Primer tercio de la década de los 70. Carlos y yo estamos solteros y, como estamos solteros, vivimos juntos intensas e interesantes aventuras y no del FBI por cierto. Cada día es una sorpresa. Cada día es un reto. Cada día es un enigma. Cada día es, en definitiva, una sorprendente historia de dos amigos que no se dan cuartel en estas peripecias del vivir. Vivimos a salto de mata. A cada instante sorprendente le sucede otro sorprendente instante. Recuerdo muchas anécdotas vividas junto con Carlos. La que me viene, ahora, a la memoria como una de las más increíbles, sucedió en mi hogar de la calle madrileña de Juan Duque, 16. Es por la tarde. Luce el sol. Pero Carlos y yo no nos habíamos comido ni una rosca. Y aquel día teníamos hambre…

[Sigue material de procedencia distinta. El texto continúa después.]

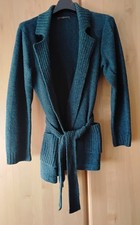 Peruvian C. Boucle-Cardigan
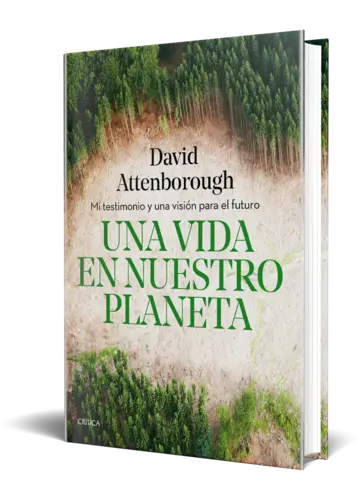 Portada Una vida en nuestro planeta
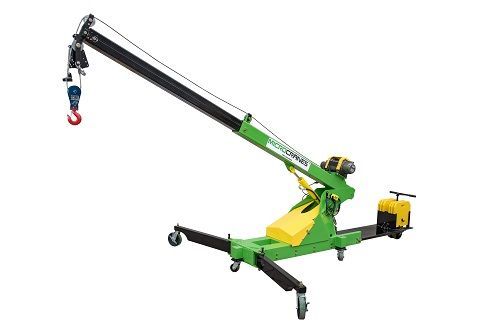 COUNTERWEIGHT BALANCE FUNCTION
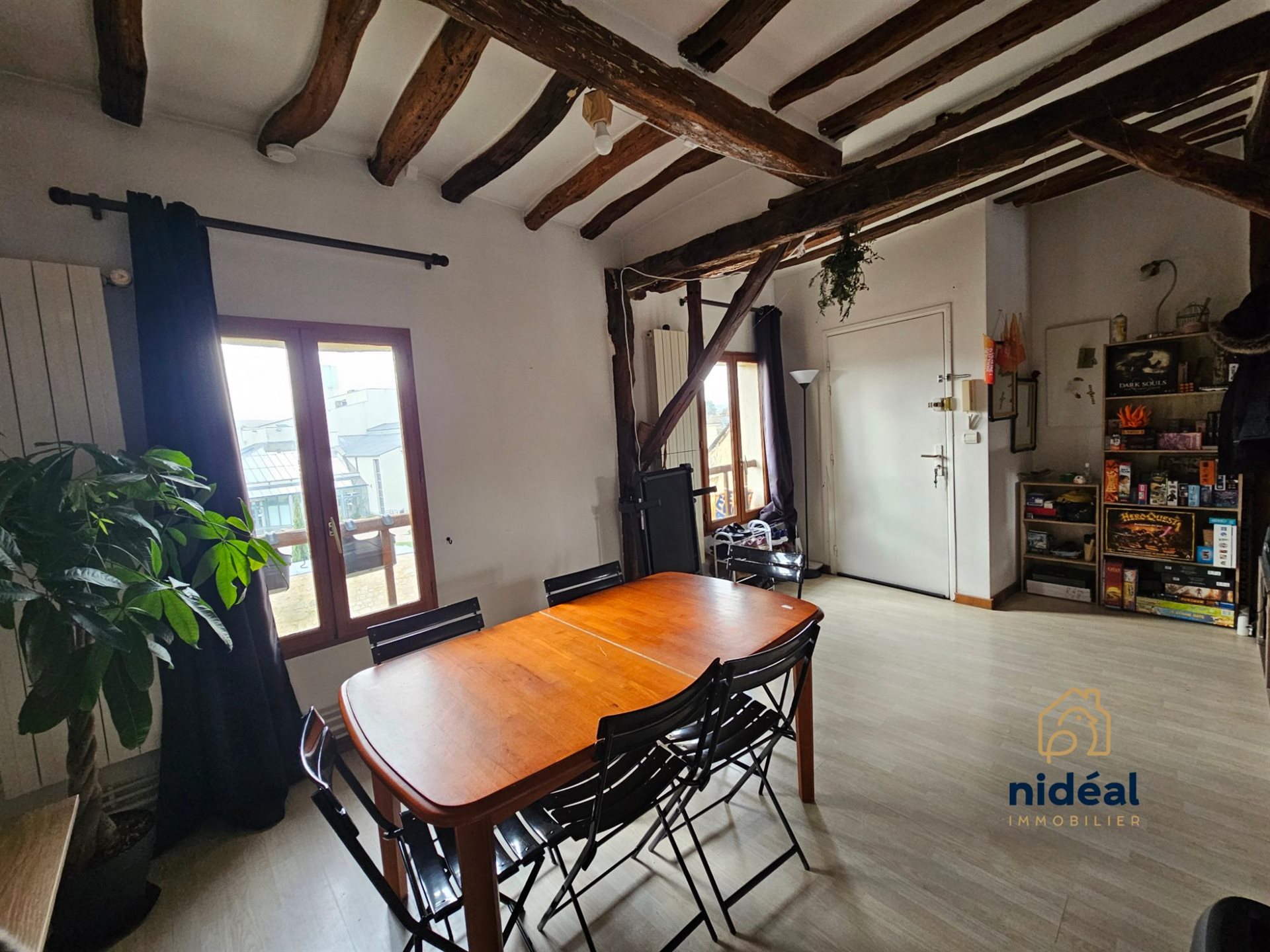 Appartement à vendre, 59m², Vernon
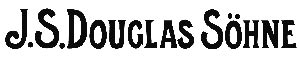 JS Douglas Sohne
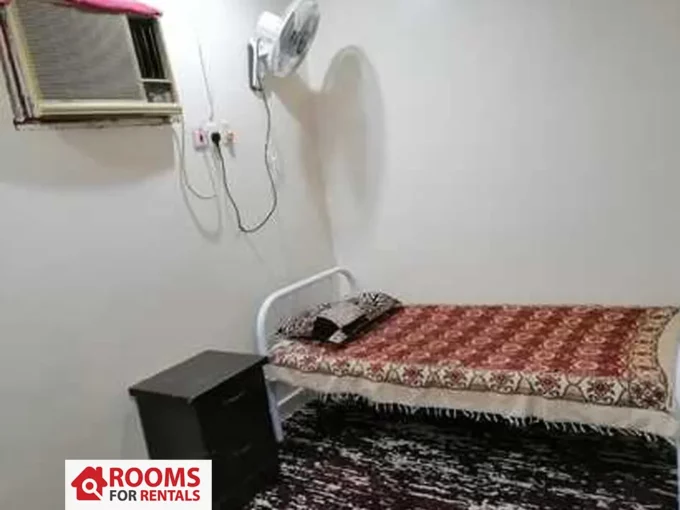 Furnished Room for Rent at SAR 500/month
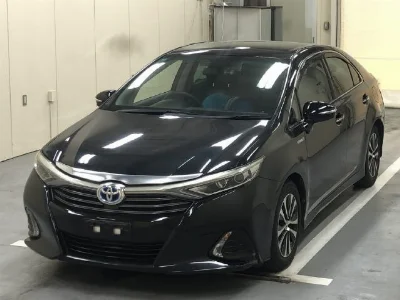 TOYOTA SAI
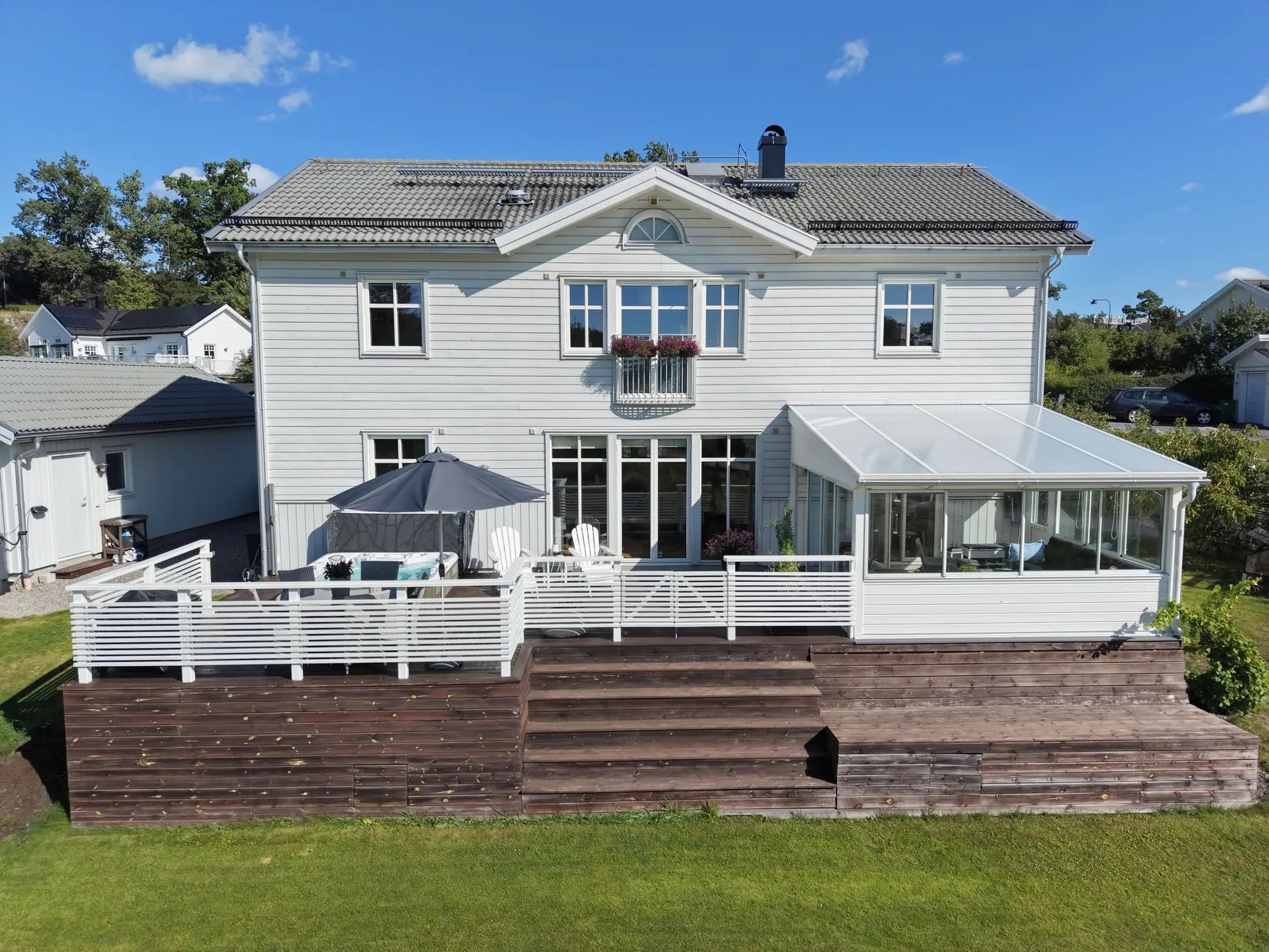 Villa, Lilla Hagebyvägen 9, Vistaberg, Huddinge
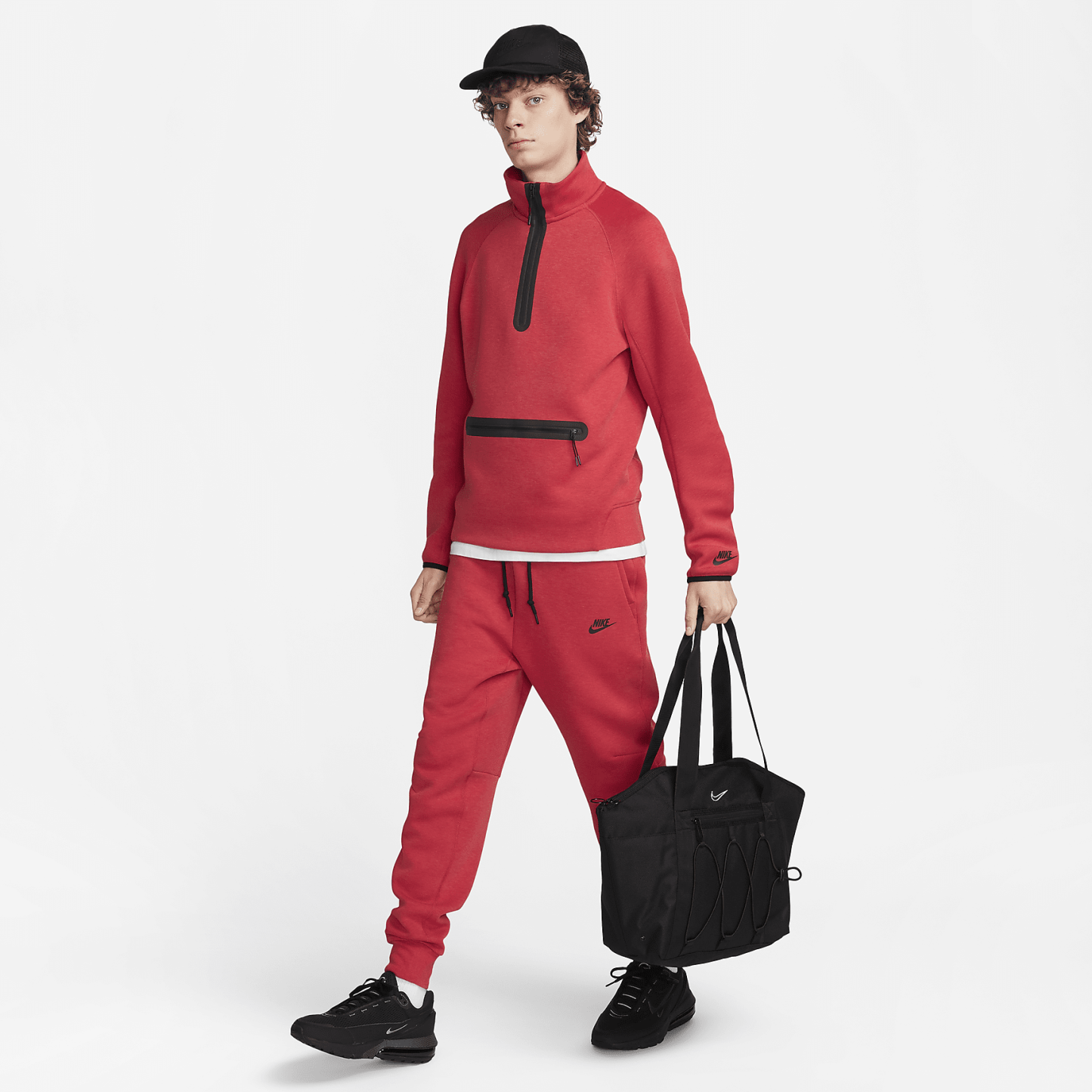 Sportswear Fleece - Men's 1/2-Zip Sweatshirt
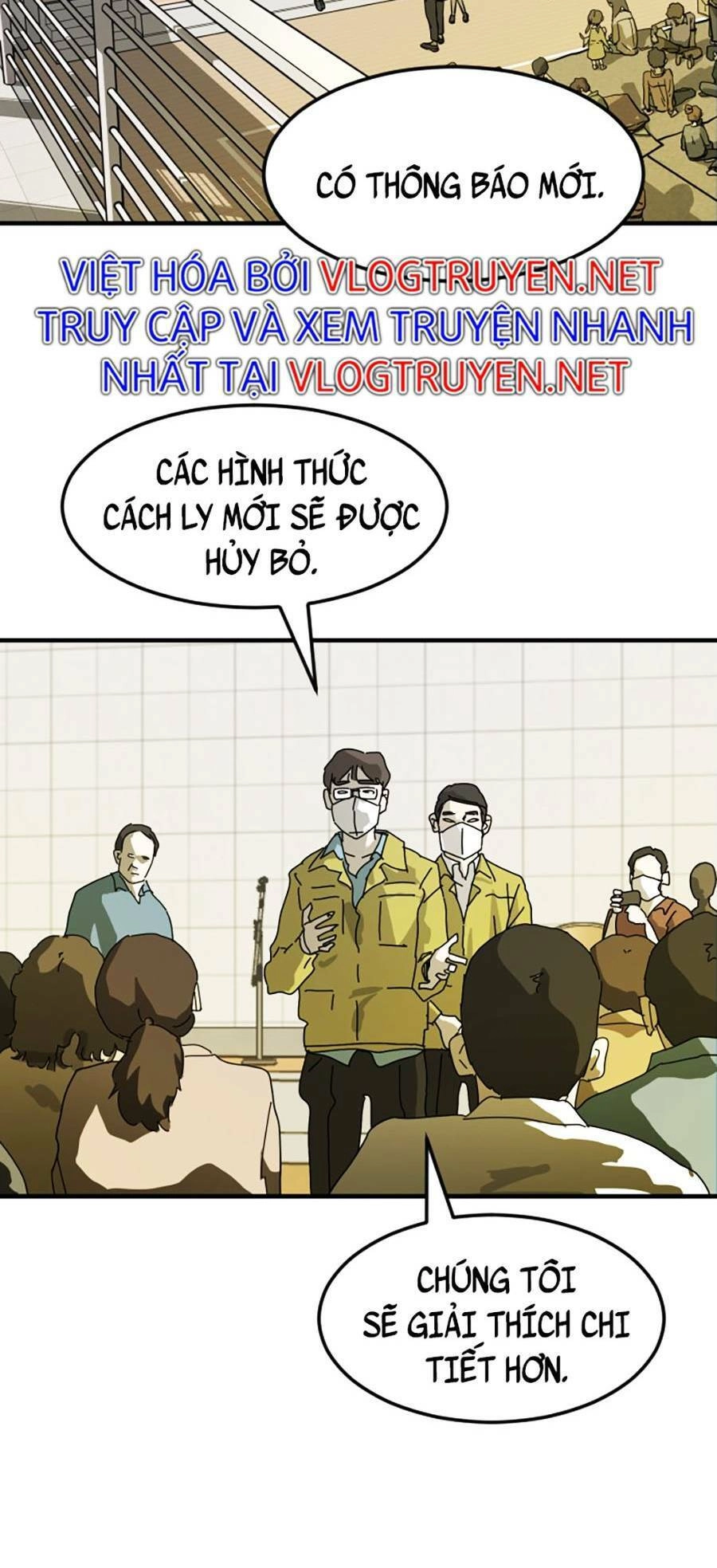 Đại Dịch Seoul Chapter 20 - 3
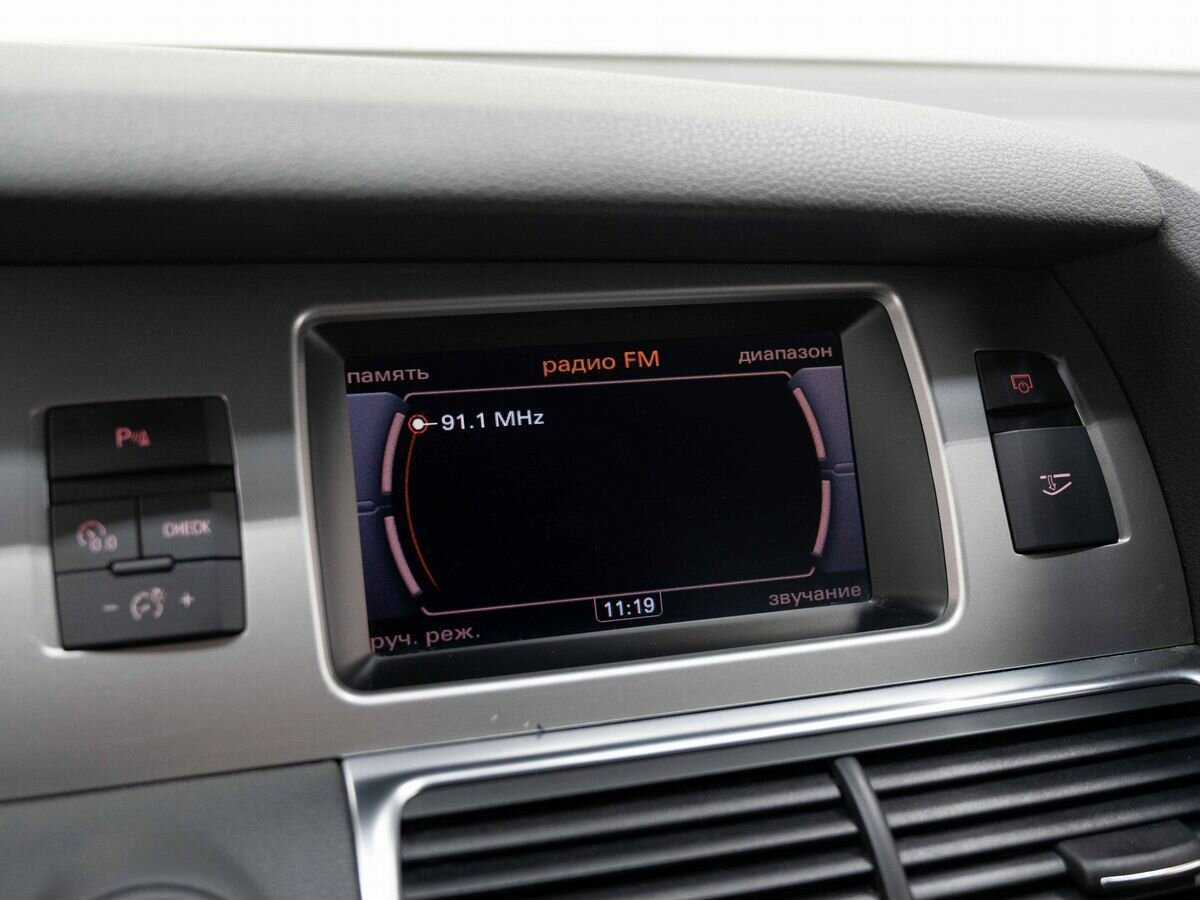 Audi Q7 2012 года с пробегом. Фото: #21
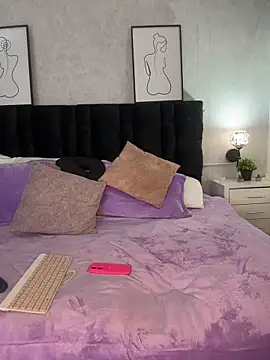 Katti Barrera online show from February 2026 10:36:02 AM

Abrí el refrigerador y no había más manduca, para comer, que una enorme sandía que había comprado mi madre en el Día o cualquier otro establecimiento de comestibles de ventas económicas porque había que ahorrar de cara al futuro. Ni corto ni perezoso (porque nunca he sido ni un cortado ni un gandul a la hora de la generosidad para con los demás sean amigos o sean enemigos) no me lo pienso ni un segundo. Quizás de haberlo pensado hubiese hecho lo mismo así que no importaba pensar o no pensar. Agarré, como mejor pude, a la enorme sandía; la partí, como mejor pude, por la mitad con el primer cuchillo que encontré a mano… y entre Carlos y yo… nos zampamos en menos que canta un gallo casi toda la enorme sandía porque teníamos mucha hambre y aquel día todavía no nos habíamos comido ni una rosca. Nos pusimos como “El Kiko” hasta que la sandía quedó reducida a su más mínima expresión: las cortezas y un poco de chicha roja.
Fue un hecho cualquiera del primer tercio de la década de los 70; pero ha quedado grabada, en mis memorias, como unas de las grandes hazañas de dos chavales que nos buscábamos la existencia más allá de lo increíble. Increíble pero verdadero.